The whole of Cornwall was in this period in the Archdeaconry of Cornwall within the Diocese of Exeter. From 1267 the archdeacons had a house at Glasney near Penryn. Their duties were to visit and inspect each parish annually and to execute the bishop's orders. Archdeacon Roland is recorded in the Domesday Book of 1086 as having land holdings in Cornwall but he was not Archdeacon of Cornwall, just an archdeacon in the Diocese of Exeter. In the episcopate of William Warelwast (1107–37) the first Archdeacon of Cornwall was appointed (possibly Hugo de Auco). Most of the parish churches in Cornwall in Norman times were not in the larger settlements, and the medieval towns which developed thereafter usually had only a chapel of ease with the right of burial remaining at the ancient parish church.
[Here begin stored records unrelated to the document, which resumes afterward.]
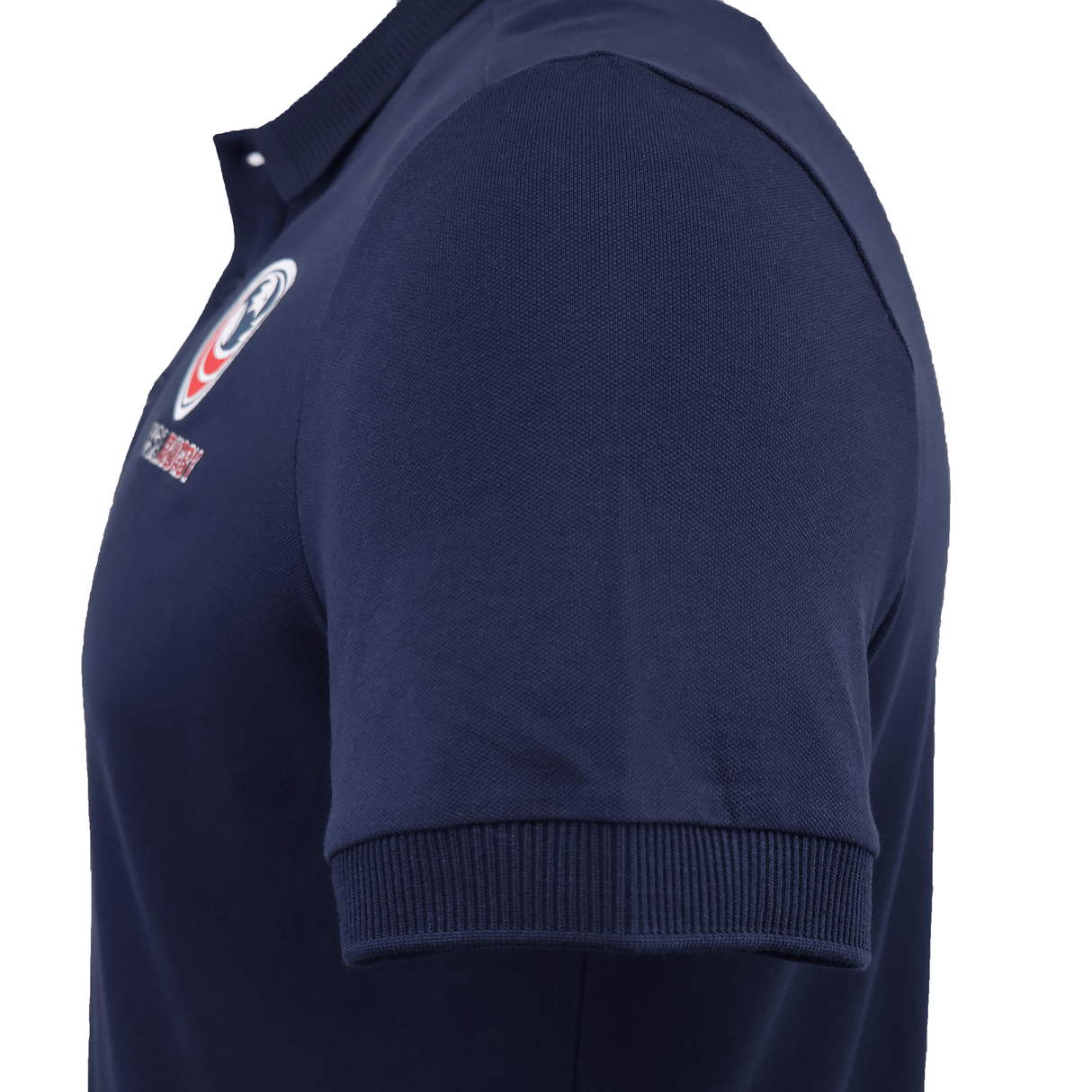 Side view of the USA Rugby 25/26 Athleisure Cotton Polo by Macron in dark blue, featuring a ribbed collar, sleeve cuffs, and a small embroidered chest logo for an easy athleisure style.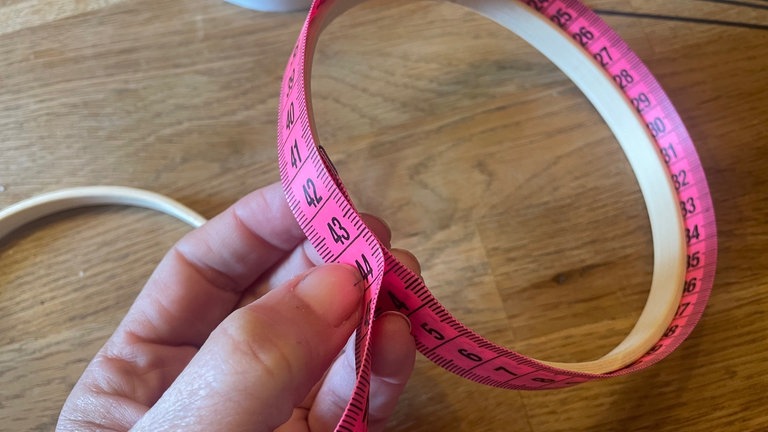 Den Stickrahmen auseinandernehmen und vom inneren Holzring den äußeren Umfang mit dem Maßband abmessen.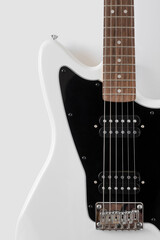 Fototapeta na wymiar close-up photo of a white electric guitar on a white background
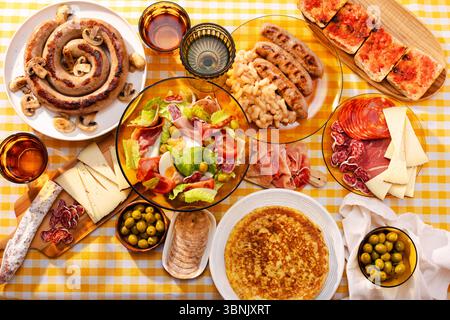 Ein lebhafter Tisch mit einem traditionellen katalanischen Salat, Botifarra mit Pilzen, Oliven, spanischer Marmelade, Käse, und eine Tortilla mit Kartoffeln Stockfoto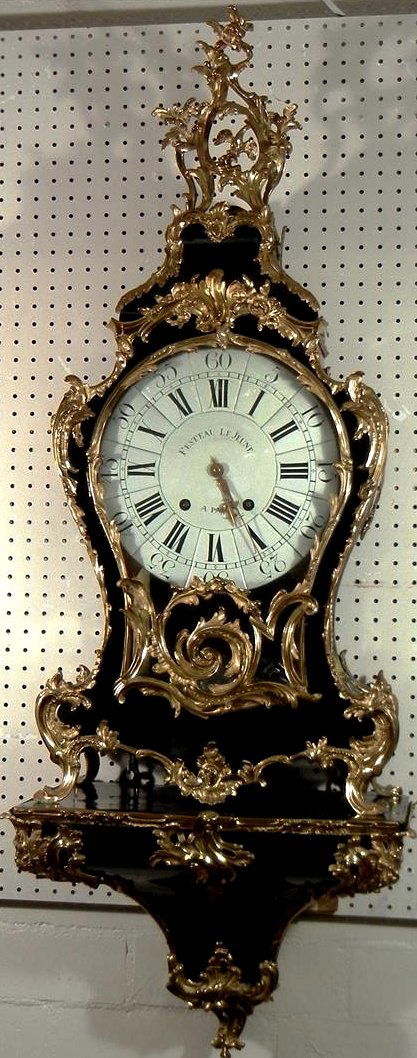 Louis XV Ebony Striking Bracket Clock: Louis XV ebony striking bracket clock with bracket, circa 1750. Clock reads, "Festeau Le Jeune A. Paris." Cartouche shaped case, mounted with scrolled ormolu with eagle in pierced pendant, white ename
Over a hundred holy wells exist in Cornwall, each associated with a particular saint, though not always the same one as the dedication of the church.
Various kinds of religious houses existed in mediaeval Cornwall though none of them were nunneries; the benefices of the parishes were in many cases appropriated to religious houses within Cornwall or elsewhere in England or France.
From the Reformation to the Victorian period
In the 16th century there was some violent resistance to the replacement of Catholicism with Protestantism in the Prayer Book Rebellion. In 1548 the college at Glasney, a centre of learning and study established by the Bishop of Exeter, had been closed and looted (many manuscripts and documents were destroyed) which aroused resentment among the Cornish. They, among other things, objected to the English language Book of Common Prayer, protesting that the English language was still unknown to many at the time. The Prayer Book Rebellion was a cultural and social disaster for Cornwall; the reprisals taken by the forces of the Crown have been estimated to account for 10–11% of the civilian population of Cornwall. Culturally speaking, it saw the beginning of the slow decline of the Cornish language.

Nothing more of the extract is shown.